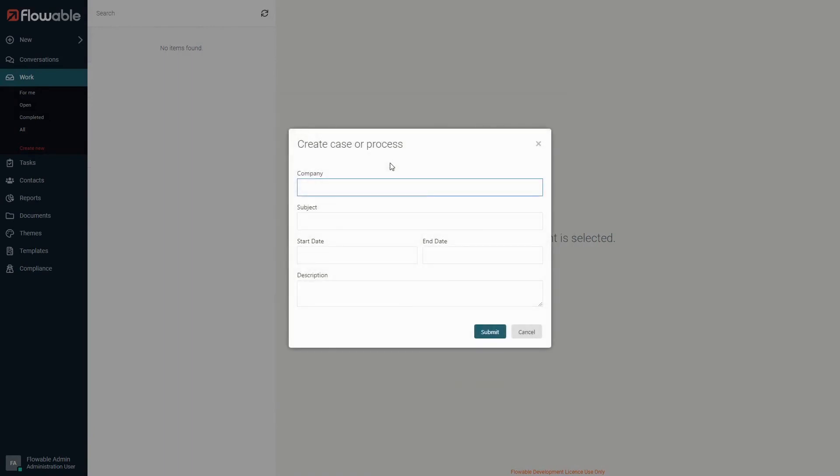After we start the case, we can see the start form we just made. Let's fill this out with some data.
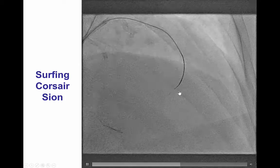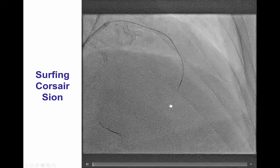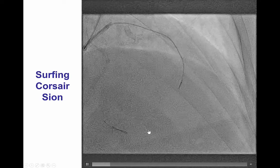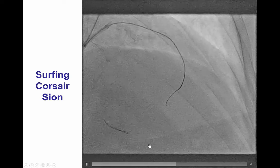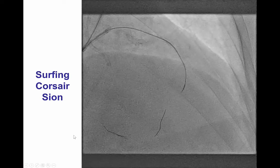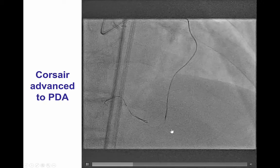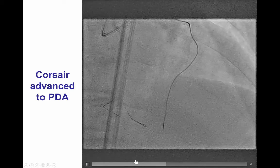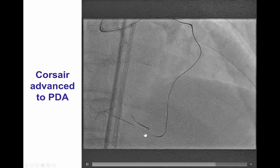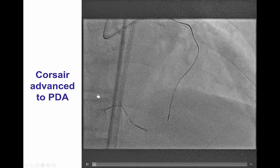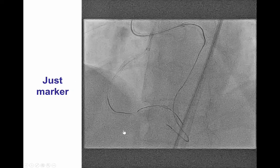This is an example of advancing through a Corsair microcatheter into the septal branch and easy crossing with a Sion guide wire all the way into the PDA. The Corsair was advanced into the right posterior descending artery with some difficulty — we had to push fairly hard, which caused the left main guide to back up — but we were able to advance it to the PDA.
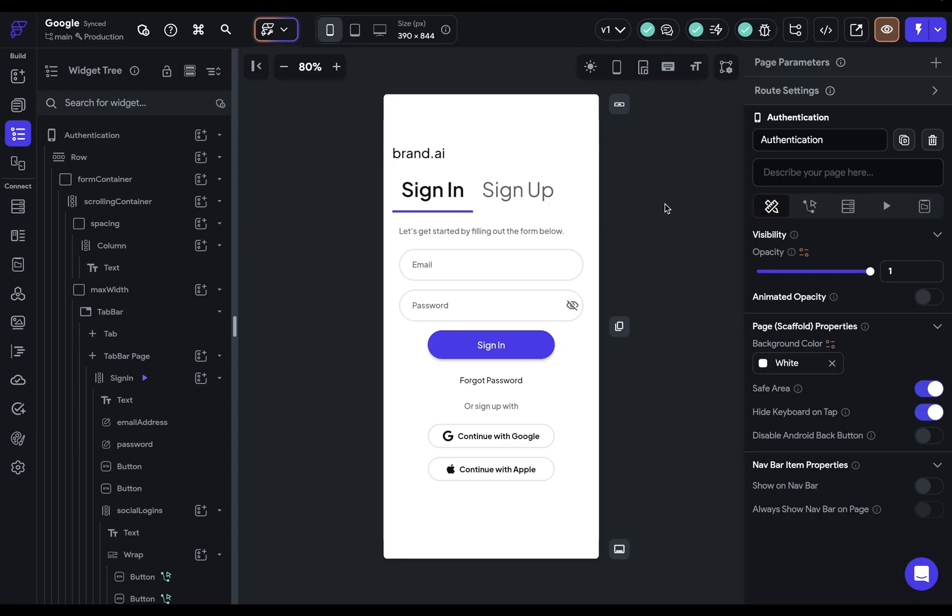In this video, I'm going to show you how to set up Google sign-in for Firebase so that your users can sign in to your app with their Google account.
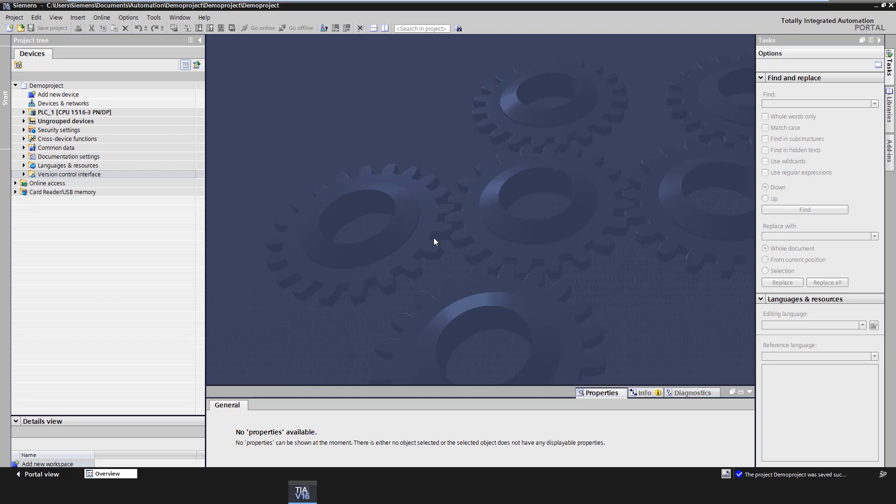The version control interface offers the possibility to export software objects such as program blocks from TIA Portal into a so-called workspace, a Windows directory. VCI is not to be confused with a versioning system like Git or SVN. It offers the possibility to export elements from TIA Portal either in source or XML format.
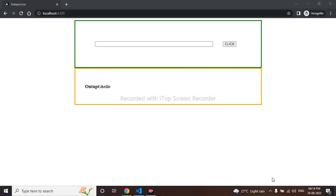Hello everyone, today we will be learning how to pass data from one component to another component using service.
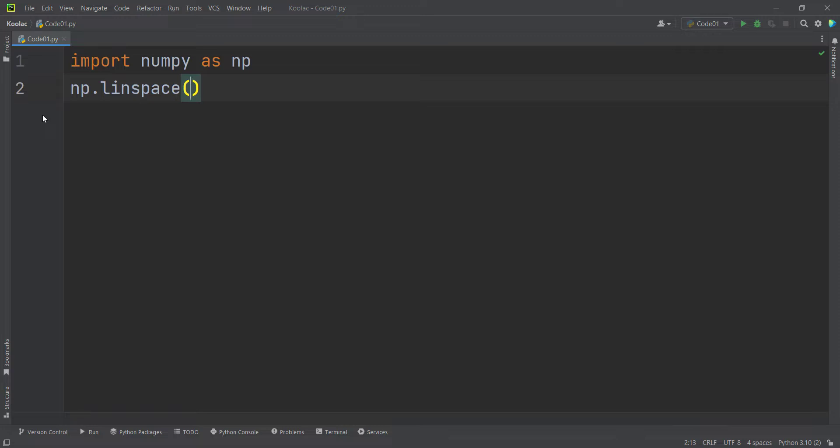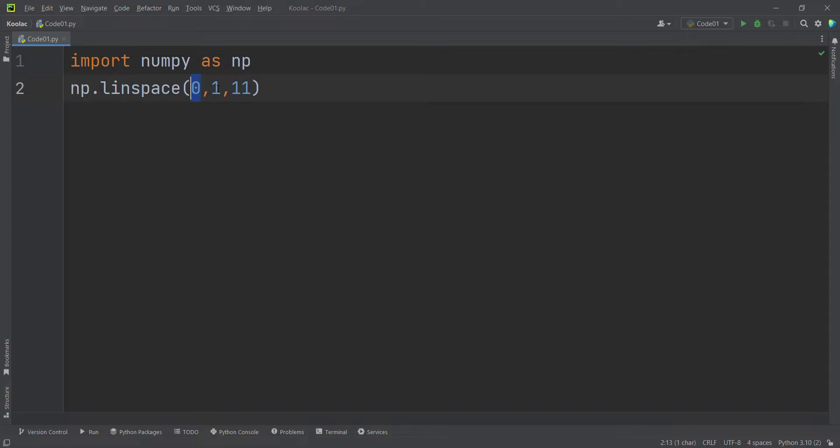For example, if I pass 0 and 1 and also 11 as an example, it means that I want to generate 11 numbers between 0 and 1. And remember that 1 is also included. So between 0 and 1, I want to generate 11 numbers with equal space, with linear space.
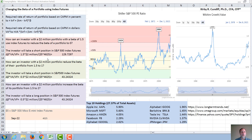What if our investor was not this worried and instead only wanted to reduce the beta from 1.5 to 1? Then we would change our delta beta from 1.5 to 0.5, and otherwise do the same calculations: 0.5 times two million divided by five dollars times the price of the e-mini, which is 4,625. We would end up taking a short position in around 43 of these S&P 500 e-mini index futures.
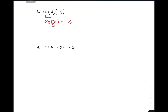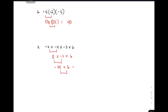Let's move on to item number 7. We have negative 2 times negative 4 times negative 3 times negative 6. We multiply step by step: negative 2 times negative 4 — same signs — gives positive 8. Then 8 times negative 3 — different signs — gives negative 24. Then negative 24 times 6 — different signs — gives a negative answer, and 24 times 6 is 144. So the final answer is negative 144.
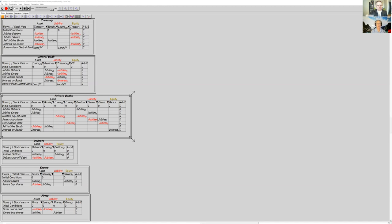With savers, what I'm modeling here is, if you didn't want to create any additional aggregate demand out of giving that money to savers, you could require them to buy shares of firms, and the firms would have to use that money to repay their debts. So that way you'd simply replace credit-based money with fiat-based money.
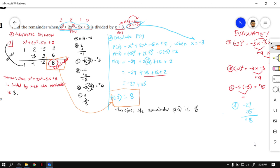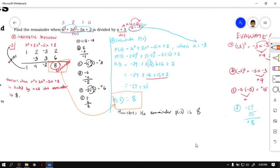So that's how you solve or find the remainder of a given expression when divided by x minus r.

_WORK REQUIRED_
Copy out the lines above from the line containing "Hello everyone, today" through the line containing "What if our", exactly, and keep the pictures out.

_YOUR SOLUTION_
Hello everyone, today we will be learning how to pass data from one component to another component using service.
For example, if I pass 0 and 1 and also 11 as an example, it means that I want to generate 11 numbers between 0 and 1. And remember that 1 is also included. So between 0 and 1, I want to generate 11 numbers with equal space, with linear space.
What if our investor was not this worried and instead only wanted to reduce the beta from 1.5 to 1? Then we would change our delta beta from 1.5 to 0.5, and otherwise do the same calculations: 0.5 times two million divided by five dollars times the price of the e-mini, which is 4,625. We would end up taking a short position in around 43 of these S&P 500 e-mini index futures.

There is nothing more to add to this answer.